Agent-based models (ABMs) characterize physical, biological, and social economic systems as dynamic interactions among agents from a bottom-up perspective. The agents can be molecules, animals, or human beings. The interactions can be water molecules forming a vortex, ants searching for food, or people trading stocks in the market. Agents’ interactions can bring emergent properties to a system and turn it into a complex system. The core reason for using ABMs is usually to model such mechanisms. Besides, taking social economic systems as example, ABMs are also flexible to consider agents’ (1) heterogeneity (e.g., wealth, risk attitude, preference, decision-making rule, etc.) based on micro-data; and (2) bounded rationality and adaptation behavior based on psychological and behavioral studies. Melodie is a general framework for developing agent-based models (ABMs) in Python. It is published and maintained on the GitHub organization page of ABM4ALL, a developing community among agent-based modelers for sharing ideas and resources. Together with the code repository, we have also published the documentation of Melodie, including a tutorial explaining how a minimum example - an agent-based covid contagion model - can be developed with Melodie step by step.

An Agent-Based Framework for Policy Simulation: Modeling Heterogeneous Behaviors With Modified Sigmoid Function and Evolutionary Training

S. Yu2022IEEE Transactions on Computational Social Systems

Abstract

This article proposes an agent-based policy simulation framework that can be applied to the cases satisfying: 1) the agents try to maximize some intertemporal preference and 2) the impacts of different factors on agents’ behavioral tendency are monotonic. By combining the simulation and optimization methods, this framework balances the flexibility and validity of agent-based models (ABMs): the sigmoid function is modified and used to model agents’ decision-making rules, and the evolutionary training method is used to calibrate agents’ behavioral parameters. Based on an example for the emission trading scheme, the application of the framework is presented and evaluated in detail.
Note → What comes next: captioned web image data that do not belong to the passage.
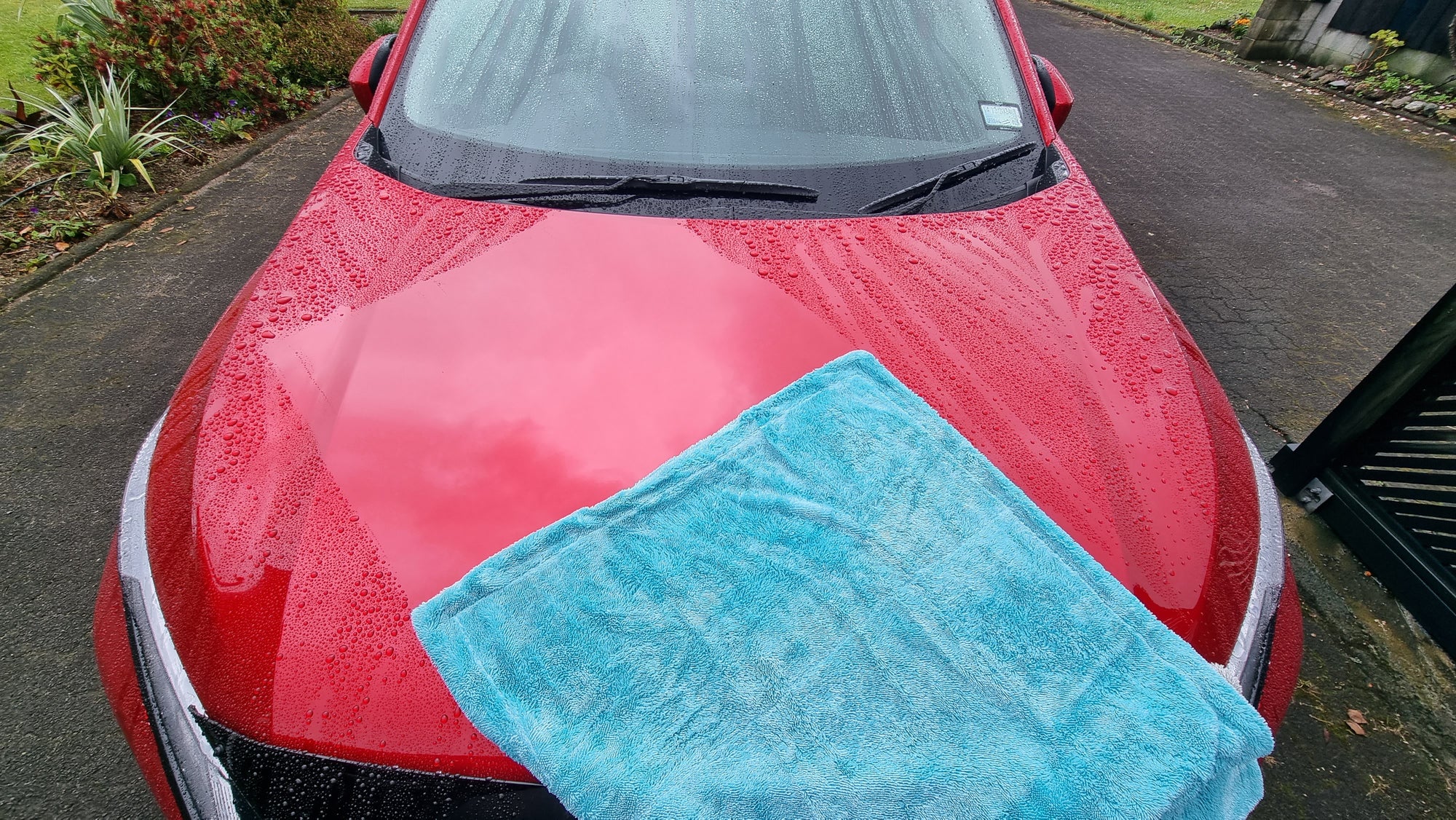 The Rockcar performer drying towel dragged across the Red car to show both how well it dries and how it does not scratch, you can see the mirror shine reflection, this was taken by Chris in Rotorua on her Mitsubishi on a phone.  A great photo we love to use at lovecars.  Thanks Chris!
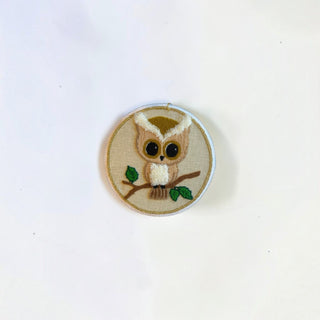 Her Good Eye handcrafted owl embroidery hoop art featuring a whimsical owl in tan and brown threads on a cream fabric.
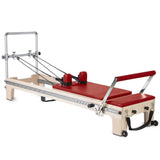 Elina Pilates Master Instructor Reformer aus Ahornholz – Schrägansicht mit Polstern in Rot, freigestellt vor weißem Hintergrund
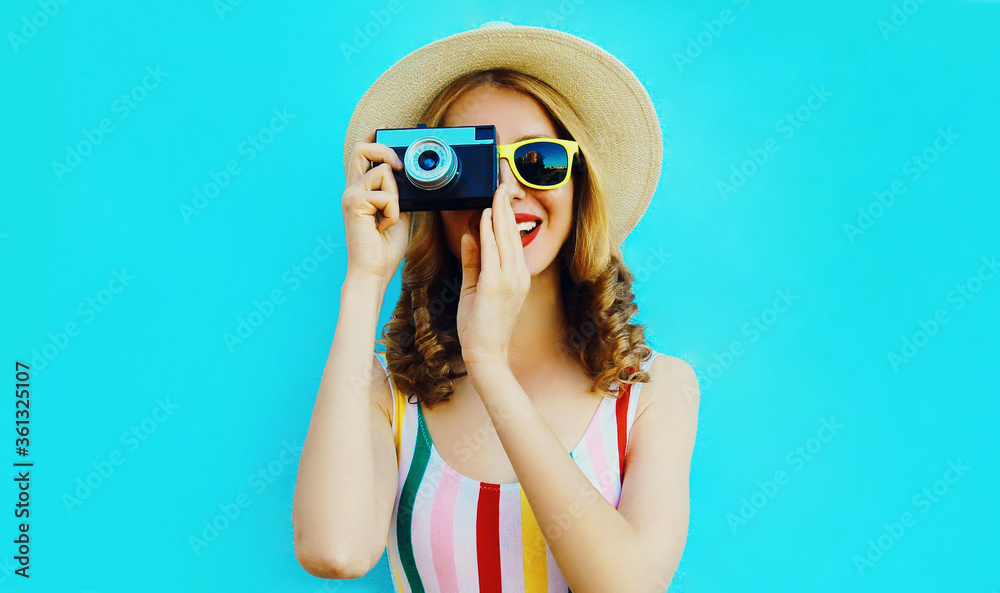 Summer portrait happy smiling young woman with retro camera wearing a summer straw hat on blue background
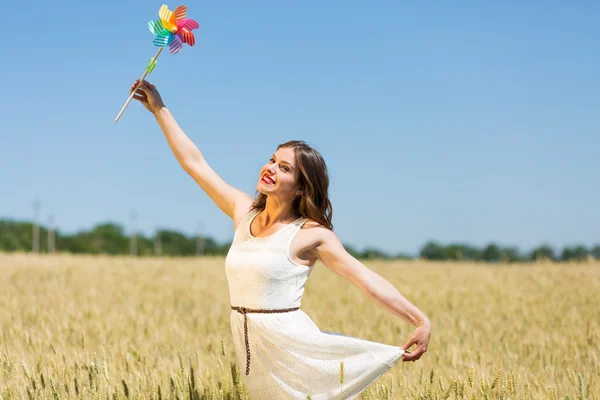 Счастливая девушка с красочной ветряной мельницей — стоковое фото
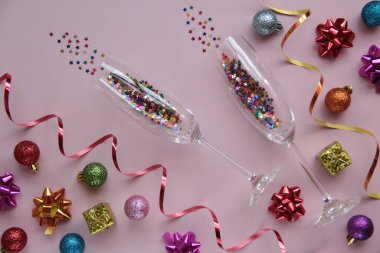 Pembe arka planda gözlük ve şenlik dekorasyonları olan modaya uygun bir yer. Yılbaşı ve parti konseptlerini kutlamak. Tebrik kartı. Düz arkaplan.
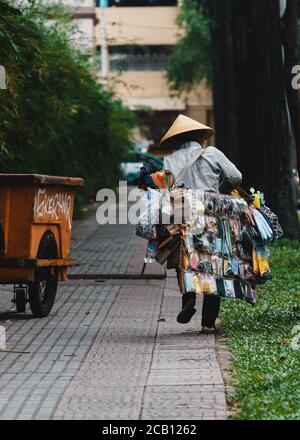 Ho Chi Minh Stadt, Vietnam - 29. Juli 2020: Vietnamesische Frauen tragen nicht la, Straßenhändler, Verkauf von Souvenirs und verschiedene Waren, zu Fuß auf den s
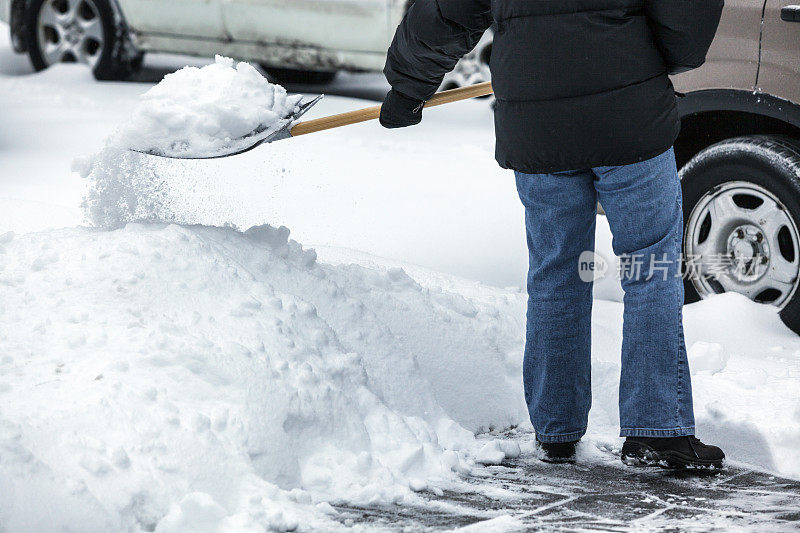 用雪铲从人行道上扔雪的人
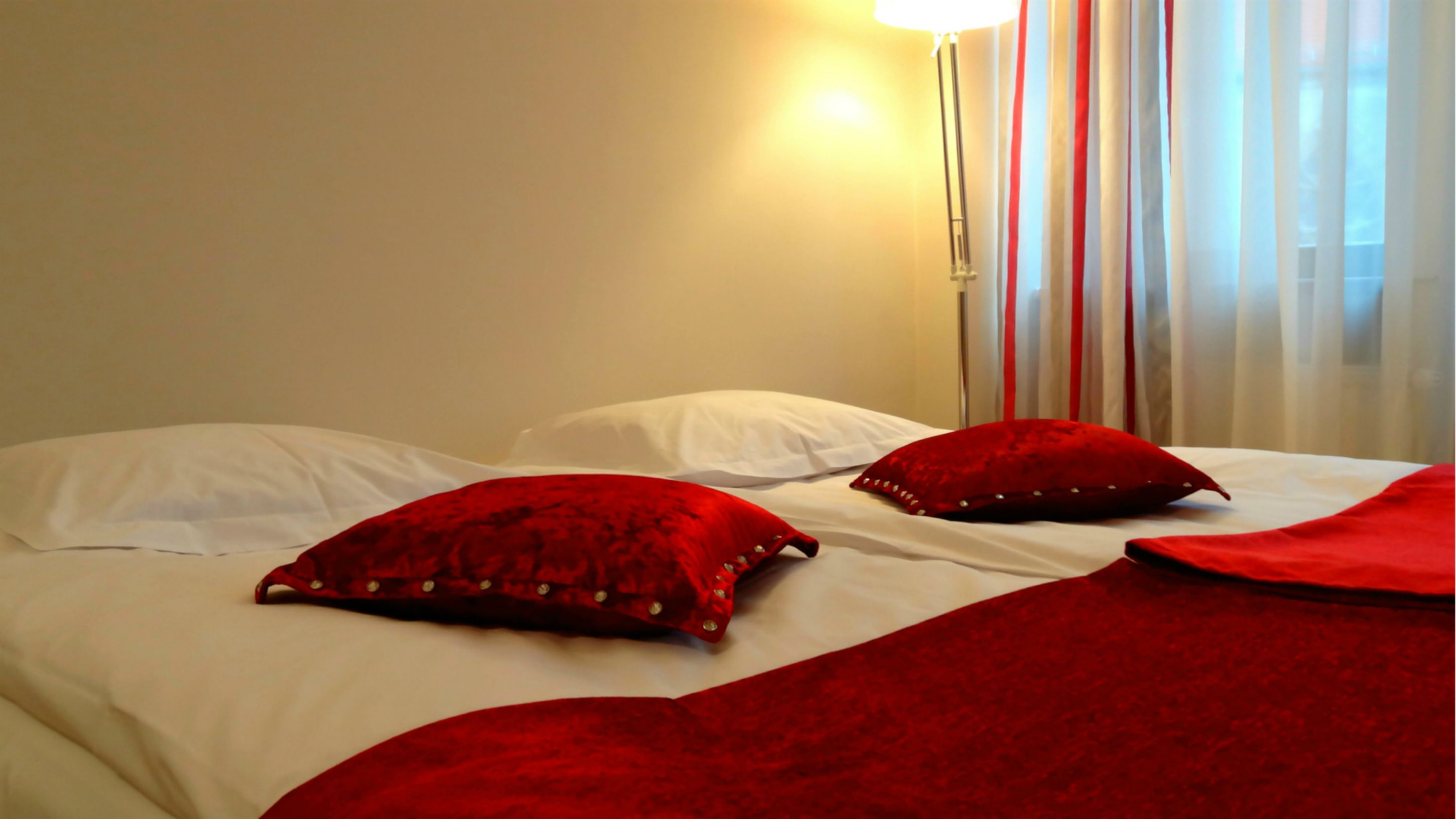 Ein Hotelzimmer mit zwei Betten, jeweils mit weißen Laken und roten Kissen.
Modeling the emission trading scheme from an agent-based perspective: System dynamics emerging from firms’ coordination among abatement options

S. Yu, Y. Fan, L. Zhu, W. Eichhammer2020European Journal of Operational Research

Abstract

Though sharing a similar practice form, the emission trading scheme is distinguished from traditional financial markets: firms coordinate three abatement options at the micro level, including allowance trading, output adjustment, and low-carbon technology adoption. Then, at the macro level, this leads to dynamic interactions among allowance market, output market, and low-carbon technology diffusion. This is the fundamental characteristic of the emission trading scheme, and modeling the dynamics behind is a major difficulty for relevant studies, especially when following complexities are considered: (1) different planning horizons of the three abatement options, (2) heterogeneity among sectors and firms, and (3) details of firms’ production and optional low-carbon technologies. Aiming at this difficulty, we establish an agent-based model for the emission trading scheme, and within a novel multi-level time frame, the fundamental characteristic is reflected and the complexities are considered. Firms’ production and low-carbon technologies are discretely modeled at a process level from a bottom-up perspective, and based on European data, our model is calibrated to cover 5 industrial sectors, 11 emission-intensive products, 25 production processes, and 52 low-carbon technologies. With this model, the emergence properties and uncertainty of the system are captured, and the non-linear impact of the abatement target is reflected and discussed. We find that, after a certain level, higher target leads to lower allowance price uncertainty but stronger output impact, which is a trade-off for setting the abatement target.